Authors Nicky Hager, left, and Jon Stephenson during the launch of their book, Hit & Run.

If there's one thing activist author Nicky Hager does well, it's book launches.

The publishers must love him.

Before the launch he works the media into a frenzy, telling them how his latest tome's going to blow the lid off politics, destroy careers and possible bring down the government.

The media hoard packs into Unity Books on Wellington's Willis Street, there's literally standing room only.

The television cameras are focused to get the latest revelation to air.

The launches are expertly timed for the nightly television news who by the time they go to air have scant knowledge of the contents, but there are always a few tasty morsels to deliver on what's to come between the covers of the latest masterpiece.

That was the case with Dirty Politics, the black ops men in the smoke-filled rooms dreaming up the next conspiracy reaching the highest levels, right to the Prime Minister's office.

Being required to comment on the book the next morning, it was read well into the night.

There was quite a lot of smoke but the gun was sadly missing.

The latest effort Hit and Run, about unarmed civilians being killed by our SAS in Afghanistan villages, is an appropriate title as it's turned out, although Hit and Miss would have been more apt.

The book launch and the aftermath was such a hit that our Well-being Government decided immediately to spend seven million bucks on getting to the bottom of the claims, appointing two knights of the realm, former Labour prime minister Geoffrey Palmer and former High Court judge Terence Arnold to lead the inquisition.

Well a significant part of the story, critical to getting to the bottom of what happened, the unarmed villagers, want nothing to do with it, they have little trust in our authorities, we're told.

Within 48 hours, Hager's co-author Jon Stephenson, told us that there were in fact insurgents in the villages after all.

So the villagers weren't as innocent as we were led to believe - but why then did the authors go to the publisher with only half the story?

The excuse from Stephenson is a lame one.
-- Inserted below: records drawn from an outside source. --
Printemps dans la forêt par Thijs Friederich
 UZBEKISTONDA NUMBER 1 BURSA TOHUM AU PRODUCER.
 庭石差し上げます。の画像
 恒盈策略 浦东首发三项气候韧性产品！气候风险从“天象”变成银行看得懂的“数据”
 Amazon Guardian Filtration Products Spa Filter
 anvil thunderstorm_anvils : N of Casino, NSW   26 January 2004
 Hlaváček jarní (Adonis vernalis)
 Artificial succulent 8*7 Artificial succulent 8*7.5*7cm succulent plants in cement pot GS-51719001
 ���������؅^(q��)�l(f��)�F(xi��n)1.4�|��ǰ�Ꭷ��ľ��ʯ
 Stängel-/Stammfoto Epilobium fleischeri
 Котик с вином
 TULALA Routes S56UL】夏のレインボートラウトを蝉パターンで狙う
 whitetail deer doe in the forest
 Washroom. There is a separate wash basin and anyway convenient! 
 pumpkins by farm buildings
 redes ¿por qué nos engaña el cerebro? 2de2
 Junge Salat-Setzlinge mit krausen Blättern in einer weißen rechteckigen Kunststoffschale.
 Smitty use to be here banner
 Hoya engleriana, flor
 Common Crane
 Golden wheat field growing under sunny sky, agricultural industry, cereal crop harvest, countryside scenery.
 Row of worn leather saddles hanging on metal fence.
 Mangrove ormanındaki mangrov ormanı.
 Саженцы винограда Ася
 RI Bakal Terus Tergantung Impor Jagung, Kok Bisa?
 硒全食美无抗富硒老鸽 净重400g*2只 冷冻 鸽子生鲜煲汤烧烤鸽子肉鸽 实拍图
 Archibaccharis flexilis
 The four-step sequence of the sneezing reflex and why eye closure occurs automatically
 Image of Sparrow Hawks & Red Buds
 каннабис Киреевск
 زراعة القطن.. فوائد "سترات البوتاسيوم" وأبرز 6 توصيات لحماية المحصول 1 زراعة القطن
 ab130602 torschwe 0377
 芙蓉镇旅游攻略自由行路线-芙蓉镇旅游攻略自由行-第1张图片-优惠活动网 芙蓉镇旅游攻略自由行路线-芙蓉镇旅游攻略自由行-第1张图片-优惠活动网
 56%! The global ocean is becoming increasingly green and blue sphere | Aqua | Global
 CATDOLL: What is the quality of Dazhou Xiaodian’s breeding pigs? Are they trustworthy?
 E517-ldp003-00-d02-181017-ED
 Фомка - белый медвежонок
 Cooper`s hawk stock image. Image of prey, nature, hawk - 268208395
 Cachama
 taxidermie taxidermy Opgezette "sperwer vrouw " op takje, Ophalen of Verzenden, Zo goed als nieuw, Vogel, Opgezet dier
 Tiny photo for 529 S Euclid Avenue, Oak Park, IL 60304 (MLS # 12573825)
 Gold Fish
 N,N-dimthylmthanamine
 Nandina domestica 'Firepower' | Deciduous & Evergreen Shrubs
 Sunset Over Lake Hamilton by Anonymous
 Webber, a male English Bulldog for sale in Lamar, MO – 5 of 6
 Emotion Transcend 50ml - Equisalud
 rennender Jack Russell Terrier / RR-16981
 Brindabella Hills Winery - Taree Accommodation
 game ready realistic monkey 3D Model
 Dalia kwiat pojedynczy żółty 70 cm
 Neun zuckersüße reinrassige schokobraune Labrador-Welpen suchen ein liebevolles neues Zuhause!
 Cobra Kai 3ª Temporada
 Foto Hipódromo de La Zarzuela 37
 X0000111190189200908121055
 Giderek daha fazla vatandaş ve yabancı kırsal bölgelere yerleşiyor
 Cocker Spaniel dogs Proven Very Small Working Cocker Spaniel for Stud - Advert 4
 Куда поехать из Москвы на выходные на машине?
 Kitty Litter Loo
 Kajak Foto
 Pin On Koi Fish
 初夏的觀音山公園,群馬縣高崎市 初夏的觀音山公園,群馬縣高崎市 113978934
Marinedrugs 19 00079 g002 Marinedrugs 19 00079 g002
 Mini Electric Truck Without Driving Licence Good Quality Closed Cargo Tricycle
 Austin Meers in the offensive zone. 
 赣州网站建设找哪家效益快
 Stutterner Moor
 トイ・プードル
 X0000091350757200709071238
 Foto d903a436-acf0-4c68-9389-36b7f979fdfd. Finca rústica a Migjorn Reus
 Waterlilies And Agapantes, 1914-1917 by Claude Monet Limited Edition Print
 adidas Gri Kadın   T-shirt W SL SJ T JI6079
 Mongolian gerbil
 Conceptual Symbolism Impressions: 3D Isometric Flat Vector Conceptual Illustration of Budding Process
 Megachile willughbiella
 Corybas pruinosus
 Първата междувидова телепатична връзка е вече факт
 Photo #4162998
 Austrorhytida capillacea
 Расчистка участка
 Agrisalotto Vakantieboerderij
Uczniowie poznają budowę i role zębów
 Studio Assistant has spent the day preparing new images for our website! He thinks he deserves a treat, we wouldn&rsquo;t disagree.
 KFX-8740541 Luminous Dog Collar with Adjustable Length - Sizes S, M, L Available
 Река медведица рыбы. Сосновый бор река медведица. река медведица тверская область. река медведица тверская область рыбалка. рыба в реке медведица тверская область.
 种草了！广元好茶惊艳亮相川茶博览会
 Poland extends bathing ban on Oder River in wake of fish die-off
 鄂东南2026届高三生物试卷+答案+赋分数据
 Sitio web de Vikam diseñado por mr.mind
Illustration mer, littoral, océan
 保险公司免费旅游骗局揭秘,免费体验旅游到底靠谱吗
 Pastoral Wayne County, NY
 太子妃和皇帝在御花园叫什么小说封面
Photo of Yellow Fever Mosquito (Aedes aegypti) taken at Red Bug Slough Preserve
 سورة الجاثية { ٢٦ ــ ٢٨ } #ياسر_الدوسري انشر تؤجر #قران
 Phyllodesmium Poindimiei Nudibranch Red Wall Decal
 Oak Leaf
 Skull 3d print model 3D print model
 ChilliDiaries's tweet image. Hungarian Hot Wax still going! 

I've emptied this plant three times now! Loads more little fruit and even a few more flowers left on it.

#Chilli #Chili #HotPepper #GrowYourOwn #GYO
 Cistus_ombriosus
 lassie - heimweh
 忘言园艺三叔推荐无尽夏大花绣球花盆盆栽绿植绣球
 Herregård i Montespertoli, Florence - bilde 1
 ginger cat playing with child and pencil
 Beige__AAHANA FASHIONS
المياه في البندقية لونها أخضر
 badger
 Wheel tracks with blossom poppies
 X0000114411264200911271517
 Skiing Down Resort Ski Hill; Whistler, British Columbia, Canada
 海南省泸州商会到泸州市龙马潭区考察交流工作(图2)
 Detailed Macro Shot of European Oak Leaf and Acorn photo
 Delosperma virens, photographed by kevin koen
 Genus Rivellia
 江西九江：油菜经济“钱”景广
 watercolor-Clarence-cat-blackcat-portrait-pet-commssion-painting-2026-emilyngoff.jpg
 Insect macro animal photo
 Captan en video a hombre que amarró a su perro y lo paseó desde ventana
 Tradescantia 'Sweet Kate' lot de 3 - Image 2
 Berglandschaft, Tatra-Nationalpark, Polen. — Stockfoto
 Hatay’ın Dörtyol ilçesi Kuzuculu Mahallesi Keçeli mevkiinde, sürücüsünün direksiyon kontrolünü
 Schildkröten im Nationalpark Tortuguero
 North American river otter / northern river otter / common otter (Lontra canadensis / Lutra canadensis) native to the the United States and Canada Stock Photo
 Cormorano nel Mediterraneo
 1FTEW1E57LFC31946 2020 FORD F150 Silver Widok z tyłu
Hager it seems, wanted the book published two years ago.

He was of the view that it needed to proceed then.

Stephenson says it was a judgment call that they now have to live with.

It's a call unfortunately that we all have to live with.

Credit to Stephenson for finally telling the whole story - but it's a pity it wasn't told from the start, it could have saved the taxpayer the money now being spent on the inquiry.

He tells us he only started talking the insurgent leaders after the book was published and the reason for holding off until now was that he wanted to talk to as many as possible.

Stephenson says he got to half a dozen of them but still maintains it's a question for the inquiry to find out whether civilians were killed.

He maintains at least two were shot, one of them happened to be running off clutching an AK47.

Unfortunately and sadly civilians die in combat zones.

Having travelled with the SAS in Afghanistan one thing became apparent - they were meticulous, careful and they most certainly were not trigger happy but above all they were caring.